Kenan Ödemiş established a Kenaco gas station chain in 1981 and had a total of 23 branches in upstate New York, and, later, sold it to ATI stations in 1984. Numan Okuyan, who was directing Kenan Ödemiş’s business during those years, says that they had opened 23 stations in a short time over a region extending from Middletown to Albany, and that it was a great success for those days. Okuyan, at that time, was responsible for researching and designating the sites for the stations.

Power Test Petroleum Distributors was one of the first stations of the earliest gas station owners. Turkish entrepreneurs played an important role in the growth of the New York Yonkers-centered Power Test. Power Test bought the northeastern representation of Getty, a sub-station of the oil giant Texaco, in February 1985. and the firm’s name was changed to Getty. Also doing wholesale of fuels, Faruk Terpiş is still the head of the business.

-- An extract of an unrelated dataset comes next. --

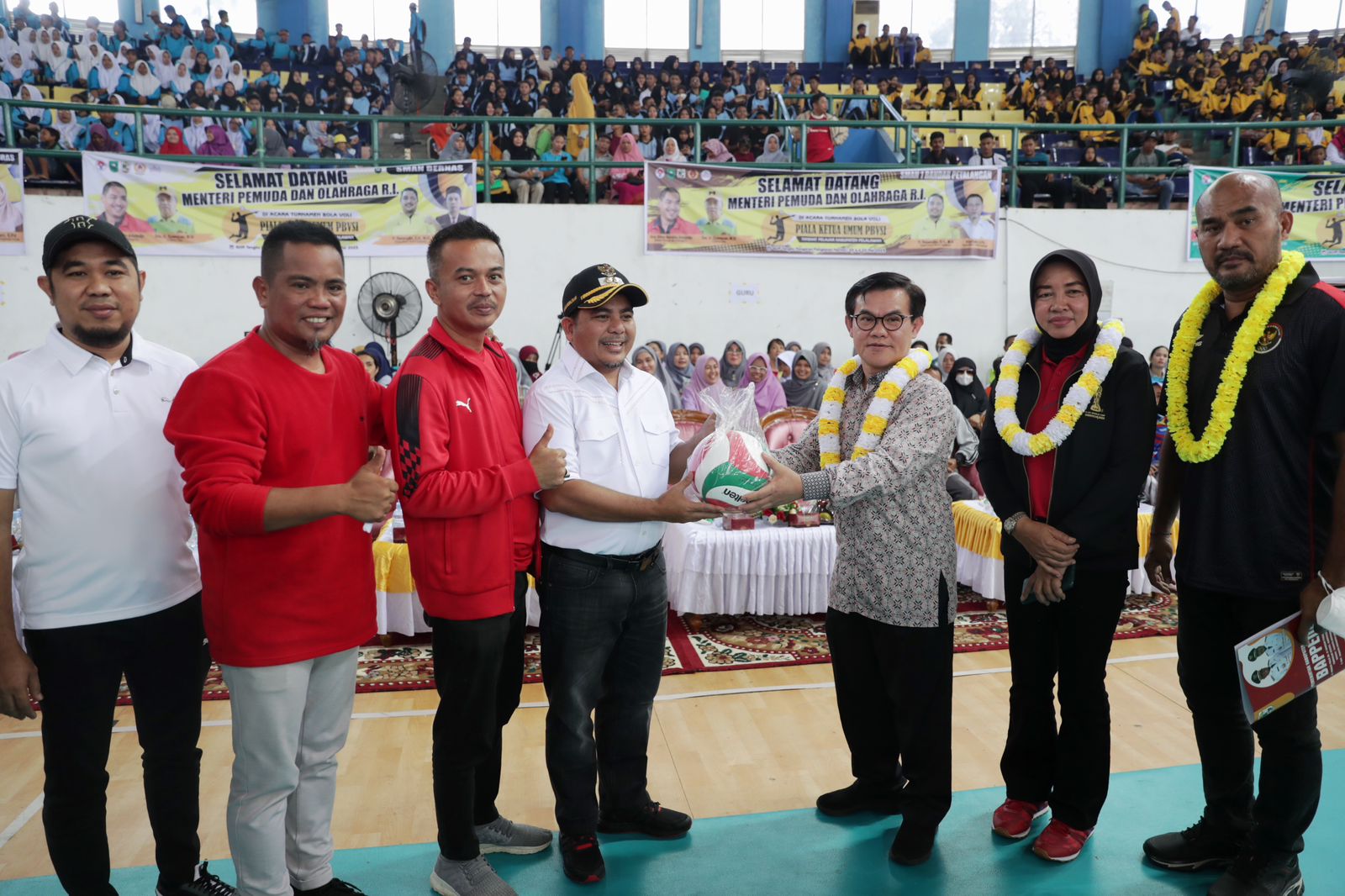 Kemenpora Dukung Turnamen Bola Voli Antar SMA/SMK di Kabupaten Pelalawan Sebagai Implementasi DBON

THE SEED WAS PLANTED BY MASTER HAMPİK IN NEW JERSEY
Gas stations also became the focus of the Armenians that came from Turkey to New Jersey during the 1960’s. The person who served as the link in Turkish Armenians’ entrance into the fuel business in New Jersey was the mechanic Hamparsum (Harry) Civan. Civan, an Armenian from Istanbul, gave job opportunities at his workplace to many Turks and Armenians.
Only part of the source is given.